Our first pipeline gathers all of the tables and their primary keys and sends that output as an array to our pipeline
For our Lookup activity the most important part is the query which is the most complex part of the whole process
The query we are using is a union query that does a group by to filter out duplicate tables. Any suggestions for improving this query would be welcome!

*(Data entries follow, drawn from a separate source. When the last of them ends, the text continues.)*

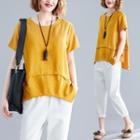 Irregular Hem Short-sleeve Blouse Yellow - One Size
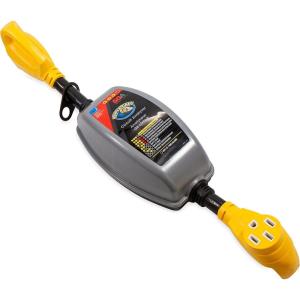 imageCamco PowerGrip 30Amp CamperRV Circuit Analyzer Dogbone  Features Integrated Surge Protection Up to 2100 Joules ampamp Diagnostic LEDs for Fault Indication 5531850M50F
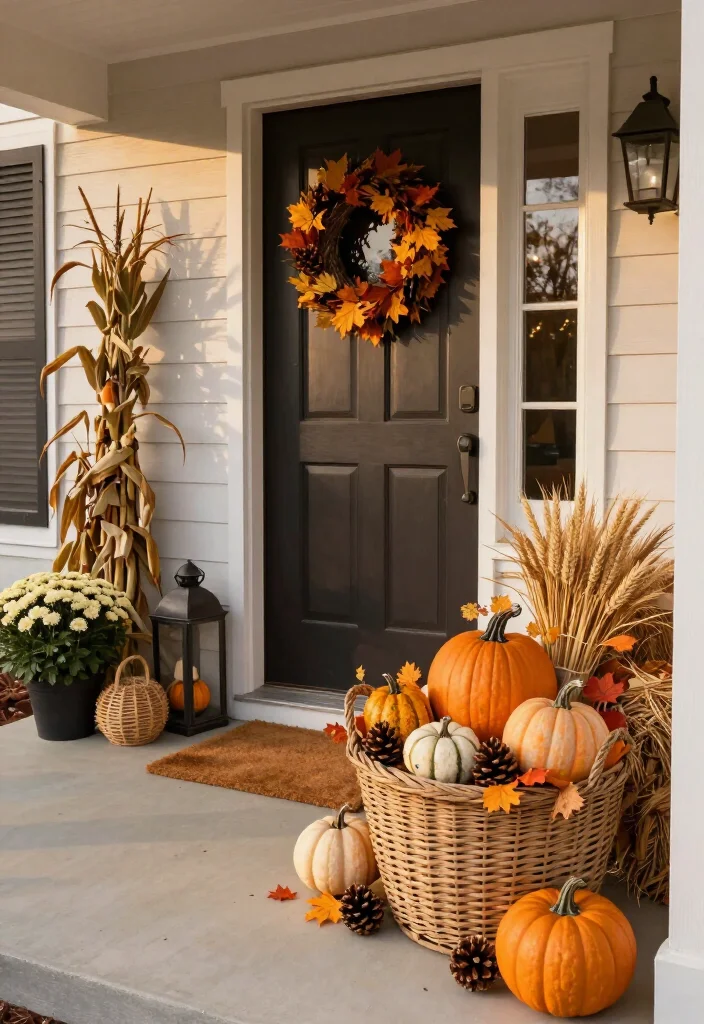 17 Clever Halloween-to-Thanksgiving Porch Decor Ideas That Make the Seasonal Switch Effortless (You’ll Want to Copy #9!) - 8. Fill a Woven Basket With Seasonal Layers 1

SELECT min(table_list.TABLE_SCHEMA) as TABLE_SCHEMA, table_list.TABLE_NAME, min(table_list.PRIMARY_KEY) as PRIMARY_KEY, min(table_list.TYPE) AS [TYPE] FROM
(SELECT DB_NAME() AS Database_Name
,sc.name AS 'TABLE_SCHEMA'
,o.Name AS 'TABLE_NAME'
,c.Name AS 'PRIMARY_KEY'
,t.name as 'TYPE'
FROM sys.indexes i
INNER JOIN sys.index_columns ic ON i.object_id = ic.object_id AND i.index_id = ic.index_id
INNER JOIN sys.columns c ON ic.object_id = c.object_id and ic.column_id = c.column_id
INNER JOIN sys.objects o ON i.object_id = o.object_id
INNER JOIN sys.schemas sc ON o.schema_id = sc.schema_id
INNER JOIN sys.types t on c.user_type_id = t.user_type_id
WHERE i.is_primary_key = 1
UNION
SELECT DB_NAME() AS Database_Name
,sc.name AS 'TABLE_SCHEMA'
,t.name as 'TABLE_NAME'
,'PRIMARY_KEY' = 'Z_NONE'
,'TYPE' = 'z_no_primary_key'
FROM
sys.tables t
INNER JOIN sys.schemas sc ON t.schema_id = sc.schema_id
WHERE t.is_ms_shipped = 0) AS table_list
GROUP BY table_list.TABLE_NAME
The only important settings for the TriggerCopy Execute Pipeline is the array parameter we are sending to the pipeline: @activity(‘LookupTableList’).output.value
This pipeline should be built with an array parameter as a first step
The pipeline has a ForEach activity that loops on the items of the tableList array.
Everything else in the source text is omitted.